> [Required work] The following data needs to be repeated exactly, with all images excluded.

★ ★ ★ ★ ★ ★ ★

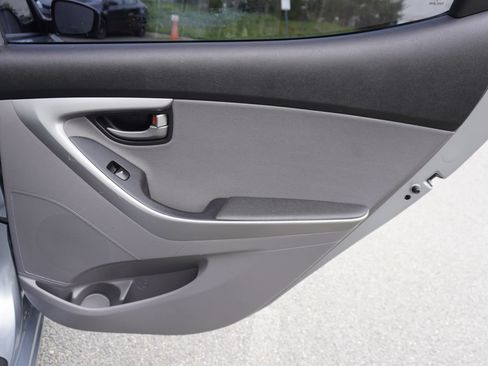 Used 2015 Hyundai Elantra SE w/ Option Group 02 FWD image 15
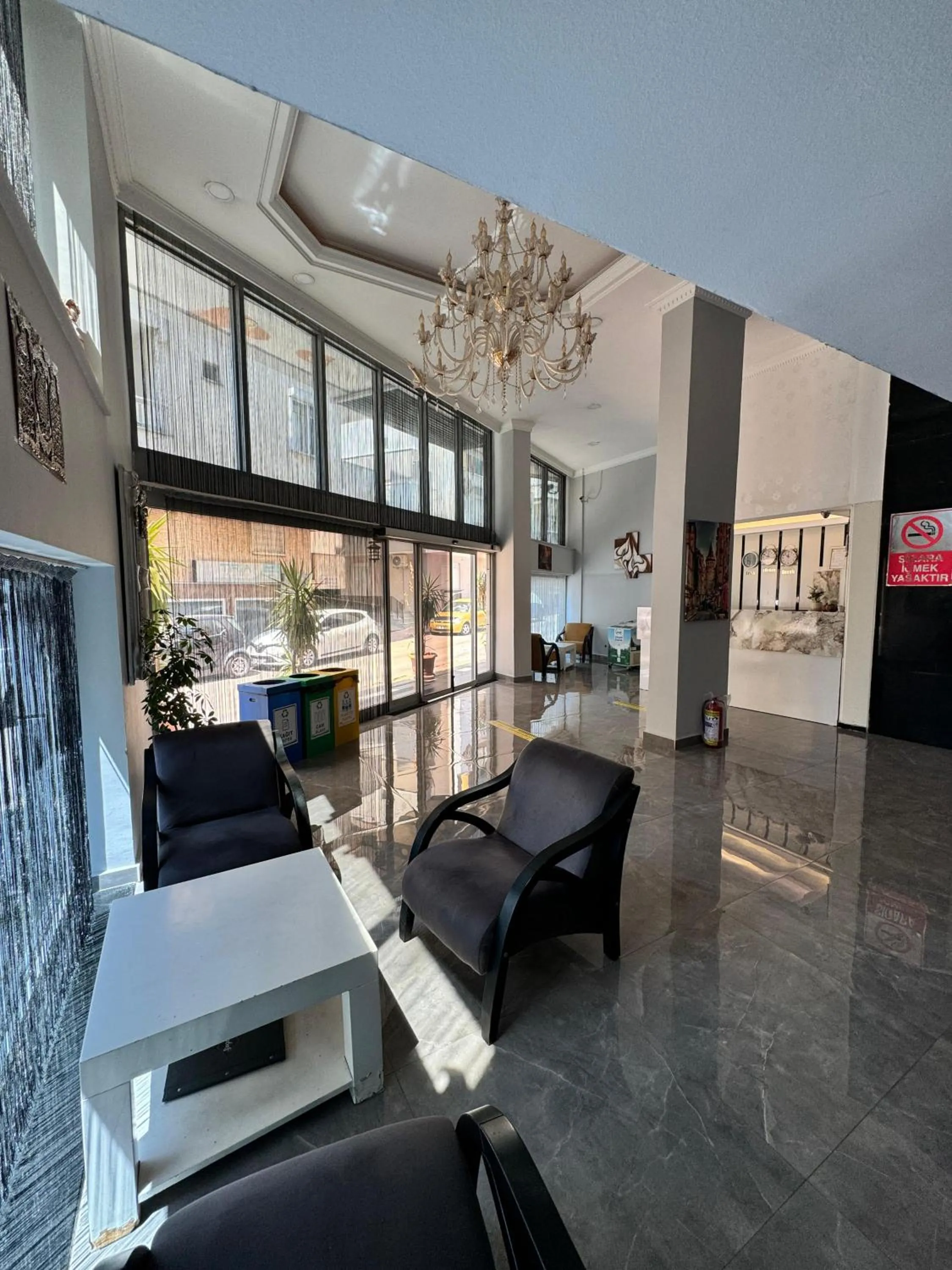 Seating area in Deluxe Ersoy Hotel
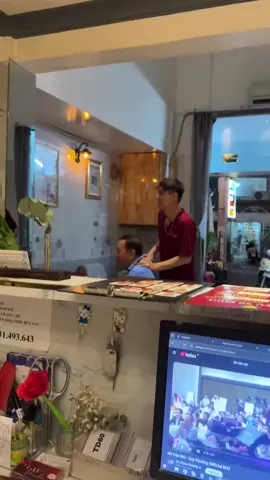 Xoa bóp nhẹ vai gáy chú hát tặng em khiếm thị#MassageNguoiMuKyQuangMinh #KyQuangMinh #MassageKhiemThi #massagenguoimukyquangminh 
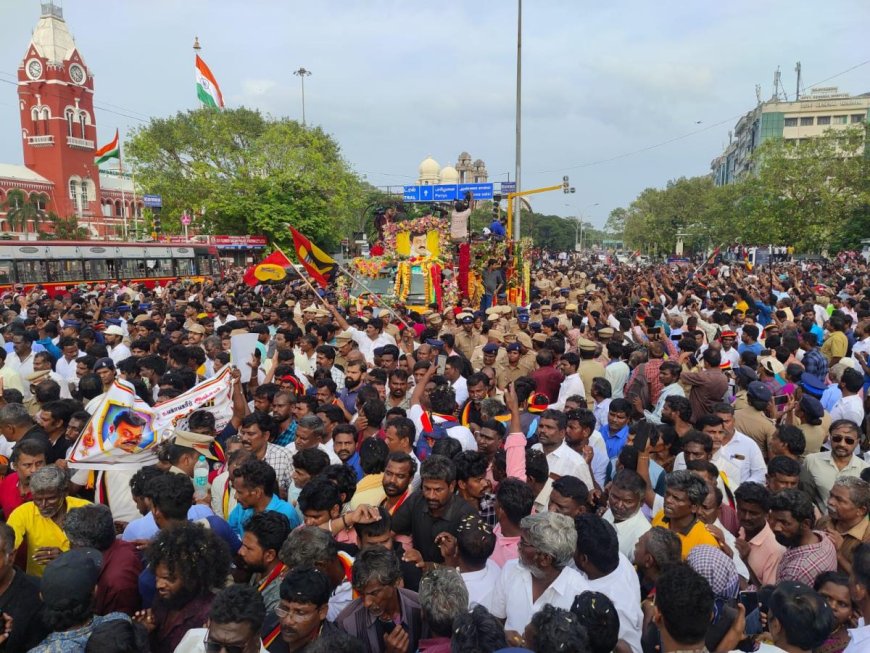 விஜயகாந்த் இறுதி ஊர்வலம்: வழிநெடுக வெள்ளமென திரண்ட மக்கள் பிரியாவிடை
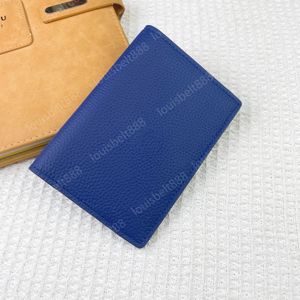 Klassische Designer-Passbrieftasche der französischen Marke. Hochwertige Barenia-Passtasche aus echtem Leder mit 4 Kartenfächern, 1 Passfach, 10 Farben zur Auswahl, 10 cm x 14 cm
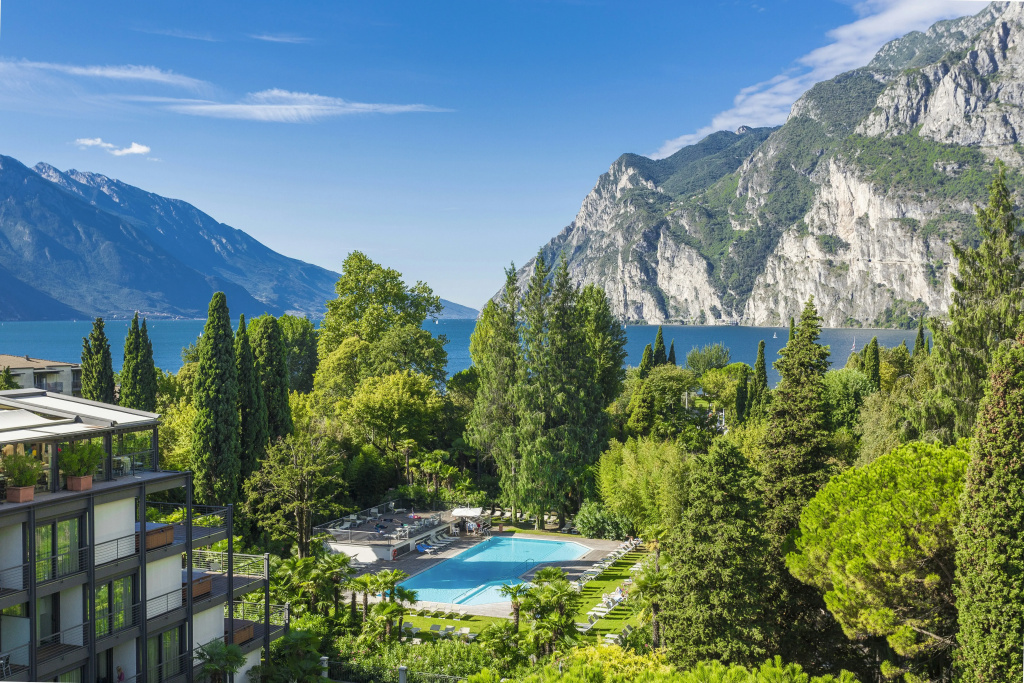 Курорт Du Lac et Du Parc Grand Resort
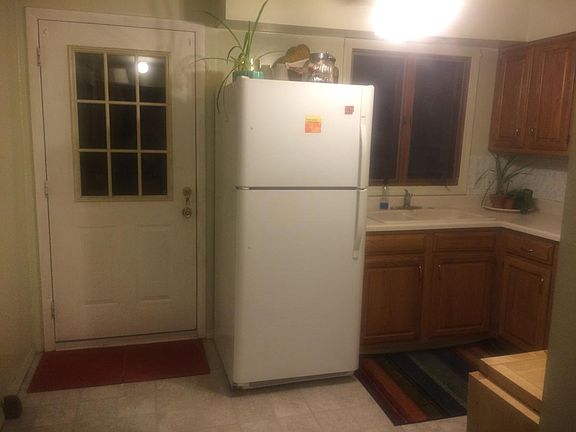 3rd image of 222 1st St #1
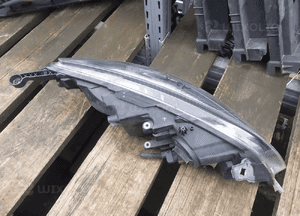 Przod przednia lampa lewa opel astra j 2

★ ★ ★ ★ ★ ★ ★

> [Answer for the task]
 Used 2015 Hyundai Elantra SE w/ Option Group 02 FWD image 15
 Seating area in Deluxe Ersoy Hotel
 Xoa bóp nhẹ vai gáy chú hát tặng em khiếm thị#MassageNguoiMuKyQuangMinh #KyQuangMinh #MassageKhiemThi #massagenguoimukyquangminh 
 விஜயகாந்த் இறுதி ஊர்வலம்: வழிநெடுக வெள்ளமென திரண்ட மக்கள் பிரியாவிடை
 Klassische Designer-Passbrieftasche der französischen Marke. Hochwertige Barenia-Passtasche aus echtem Leder mit 4 Kartenfächern, 1 Passfach, 10 Farben zur Auswahl, 10 cm x 14 cm
 Курорт Du Lac et Du Parc Grand Resort
 3rd image of 222 1st St #1
 Przod przednia lampa lewa opel astra j 2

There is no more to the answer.